TASK BRIEF: In the material below, identify each line bearing the word "Bitcoin". Reproduce those lines.

DATASET EXTRACT:
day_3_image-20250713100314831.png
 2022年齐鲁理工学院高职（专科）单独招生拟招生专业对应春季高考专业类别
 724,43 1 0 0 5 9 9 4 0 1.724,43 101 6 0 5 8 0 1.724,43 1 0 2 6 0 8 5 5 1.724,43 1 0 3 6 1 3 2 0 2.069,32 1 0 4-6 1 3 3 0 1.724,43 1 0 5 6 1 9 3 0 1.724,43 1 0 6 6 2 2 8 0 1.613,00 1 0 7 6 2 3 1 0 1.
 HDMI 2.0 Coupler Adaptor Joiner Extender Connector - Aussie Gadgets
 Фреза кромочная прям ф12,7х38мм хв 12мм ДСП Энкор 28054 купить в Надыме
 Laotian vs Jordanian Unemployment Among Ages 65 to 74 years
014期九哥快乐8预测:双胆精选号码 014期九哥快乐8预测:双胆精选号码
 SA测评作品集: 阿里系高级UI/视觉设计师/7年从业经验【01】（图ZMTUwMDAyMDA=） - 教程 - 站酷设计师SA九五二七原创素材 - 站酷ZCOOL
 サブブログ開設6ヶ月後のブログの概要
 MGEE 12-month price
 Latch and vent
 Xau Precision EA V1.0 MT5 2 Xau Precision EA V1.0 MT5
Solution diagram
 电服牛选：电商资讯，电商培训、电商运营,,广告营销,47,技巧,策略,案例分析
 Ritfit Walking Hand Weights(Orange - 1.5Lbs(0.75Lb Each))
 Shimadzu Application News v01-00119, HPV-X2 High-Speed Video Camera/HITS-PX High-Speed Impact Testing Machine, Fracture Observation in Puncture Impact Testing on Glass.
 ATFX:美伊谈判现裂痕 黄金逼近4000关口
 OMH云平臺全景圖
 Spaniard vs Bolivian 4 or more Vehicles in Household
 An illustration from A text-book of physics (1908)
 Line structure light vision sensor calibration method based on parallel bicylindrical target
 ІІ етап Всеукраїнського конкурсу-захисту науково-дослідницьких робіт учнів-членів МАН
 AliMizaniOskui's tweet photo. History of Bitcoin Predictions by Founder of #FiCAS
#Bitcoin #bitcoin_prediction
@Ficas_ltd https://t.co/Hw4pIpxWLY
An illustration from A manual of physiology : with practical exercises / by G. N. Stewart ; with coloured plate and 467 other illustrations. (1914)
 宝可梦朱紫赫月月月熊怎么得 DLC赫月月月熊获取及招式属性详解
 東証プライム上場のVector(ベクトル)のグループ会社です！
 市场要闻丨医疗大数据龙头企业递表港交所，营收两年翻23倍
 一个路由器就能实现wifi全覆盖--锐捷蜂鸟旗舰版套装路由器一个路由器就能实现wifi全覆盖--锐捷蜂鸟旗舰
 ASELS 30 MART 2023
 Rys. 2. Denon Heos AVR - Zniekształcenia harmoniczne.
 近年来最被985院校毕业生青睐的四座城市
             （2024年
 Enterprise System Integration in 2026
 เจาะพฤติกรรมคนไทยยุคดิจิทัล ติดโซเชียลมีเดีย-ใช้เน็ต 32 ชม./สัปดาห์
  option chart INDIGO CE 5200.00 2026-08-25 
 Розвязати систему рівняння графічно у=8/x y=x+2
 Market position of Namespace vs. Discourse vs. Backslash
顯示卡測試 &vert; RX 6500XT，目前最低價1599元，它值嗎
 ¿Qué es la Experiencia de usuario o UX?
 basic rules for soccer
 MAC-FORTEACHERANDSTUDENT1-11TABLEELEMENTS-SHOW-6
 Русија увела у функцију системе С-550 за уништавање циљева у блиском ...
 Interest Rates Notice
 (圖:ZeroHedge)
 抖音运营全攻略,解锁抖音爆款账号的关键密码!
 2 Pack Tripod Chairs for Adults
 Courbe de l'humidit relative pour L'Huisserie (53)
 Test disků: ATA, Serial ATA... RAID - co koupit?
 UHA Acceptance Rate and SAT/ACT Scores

SOLUTION TO THE EXERCISE:
 AliMizaniOskui's tweet photo. History of Bitcoin Predictions by Founder of #FiCAS
#Bitcoin #bitcoin_prediction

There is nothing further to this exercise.